Mines been moved to 2-3 weeks now so should get it soon.

Which one did you guys go for?


----------



## JayOW

Just picked one up today. Love it so far. Went for the Ali one with the white strap so it matches my phone.


----------



## Bero

Well I was in Madrid last week and it was delivered to work on Friday......but apparently there was no receptionist and the driver signed for it himself........or it possibly it went to another building that my employer used to use........so it was MIA over the weekend.

Then, on Monday I was travelling to Copenhagen and could not track it down before my flight, but I finally got it last night.

Went for Space Grey Sports watch, it's pretty neat......time will tell if it becomes 'essential' like the iPhone and iPad.


----------



## PaulN

An Apple fan here, but wont be geting one, Id never wear it over one of my mechanical watches... I struggle to wear them all as it is...

http://store.apple.com/uk/buy-watch/apple-watch?product=MJ472B/A&step=detail

WTF... £859 for that!!!!!

If i could play my music on it for the gym id consider the entry level one but not my cup of tea.

Paul


----------



## Alfieharley1

I've got to get one of these - hmmm a flex PE 14-2 or a apple watch. (To go with my iPhone 5s, MacBook pro, iMac , iPad retina , Apple tv hmmm lol


----------



## tommyboy40

I do have a question to ask the Mac people;
How many of you really use the connectivity of your devices?
I have an old 24/2.8 iMac which i use as my media server, all music/downloads are on this and it streams to 2 apple tv's and 2 airport expresses for audio. i can control the content from my phone and play music in every room in my house. Doing this on windows is ridiculously complicated and buggy. I work on a completely silent Mac Pro and my Macbook pro boots in 9 seconds. The iPad which I always considered to be a toy has become the device I couldn't do without. Yes it's all more expensive than windows but a Mercedes is more expensive than a Lada


----------



## JayOW

I use a lot of the connectivity. I have iTunes on my PC which is always on and I have a Denon amp connected to surround. I use my phone or the iPad to stream music from the PC or iCloud to the amp. It works really well.


----------



## dendass

Obsession Wax said:


> I use a lot of the connectivity. I have iTunes on my PC which is always on and I have a Denon amp connected to surround. I use my phone or the iPad to stream music from the PC or iCloud to the amp. It works really well.


How?


----------



## Bero

PaulN said:


> An Apple fan here, but wont be geting one, Id never wear it over one of my mechanical watches... I struggle to wear them all as it is...
> 
> http://store.apple.com/uk/buy-watch/apple-watch?product=MJ472B/A&step=detail
> 
> WTF... £859 for that!!!!!
> 
> *If i could play my music on it for the gym* id consider the entry level one but not my cup of tea.
> 
> Paul


You can, up to 2Gb can be used for music, you just need wireless headphones.

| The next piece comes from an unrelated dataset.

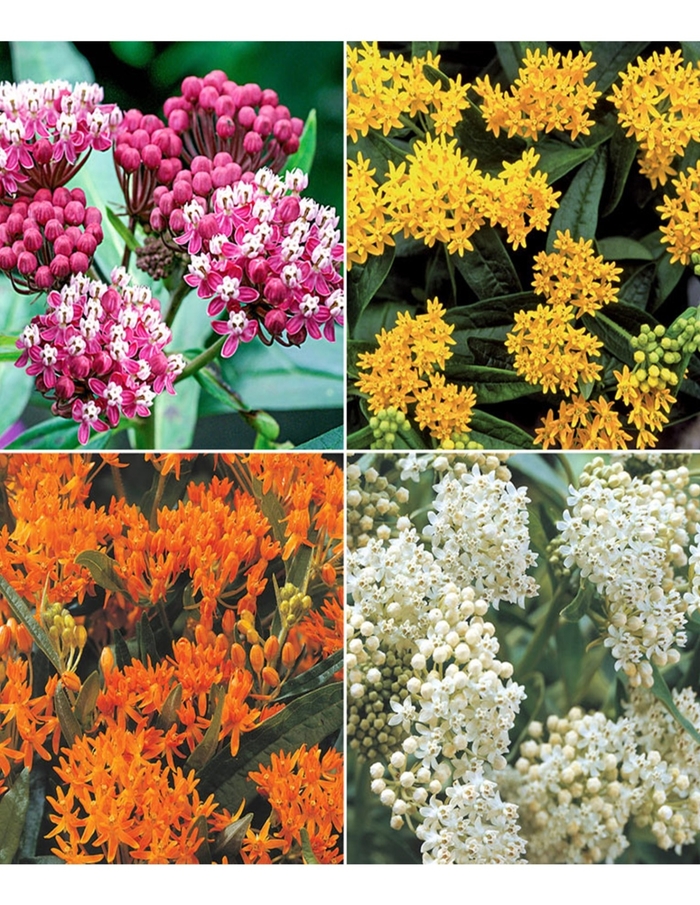 Milkweed - Asclepias curassavica from Hand Cart Garden Center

I agree on the SS link bracelet, initially I fancied that one, until I seen the £380 they charge for the bracelet...and the bracelet feels really cheap!



tommyboy40 said:


> I do have a question to ask the Mac people;
> How many of you really use the connectivity of your devices?
> I have an old 24/2.8 iMac which i use as my media server, all music/downloads are on this and it streams to 2 apple tv's and 2 airport expresses for audio. i can control the content from my phone and play music in every room in my house. Doing this on windows is ridiculously complicated and buggy. I work on a completely silent Mac Pro and my Macbook pro boots in 9 seconds. The iPad which I always considered to be a toy has become the device I couldn't do without. Yes it's all more expensive than windows but a Mercedes is more expensive than a Lada


Lots, I have a 2Tb Time Capsule with media that serves my MacMini, and can stream music or movies to the bathroom, Livingroom, Kitchen and garage via ATV / airport express / airplay speakers......as well as to the iPad and iPhone if desired. Can control music distribution on the Apple Watch now, although i've not found the ability for the watch to switch on more than one room like you can with iPhone.


----------



## Bero

dendass said:


> How?


The link from the media server (always on PC/Mac) to the speakers you ether need AirPlay compatible speakers, or buy an Airport Express into the amp/speakers to make them AirPlay compatible. The 'Remote' App lets you switch different rooms or speakers on. So you can have the same music running throughout your house.


----------



## Alfieharley1

Bero said:


> Lots, I have a 2Tb Time Capsule with media that serves my MacMini, and can stream music or movies to the bathroom, Livingroom, Kitchen and garage via ATV / airport express / airplay speakers......as well as to the iPad and iPhone if desired. Can control music distribution on the Apple Watch now, although i've not found the ability for the watch to switch on more than one room like you can with iPhone.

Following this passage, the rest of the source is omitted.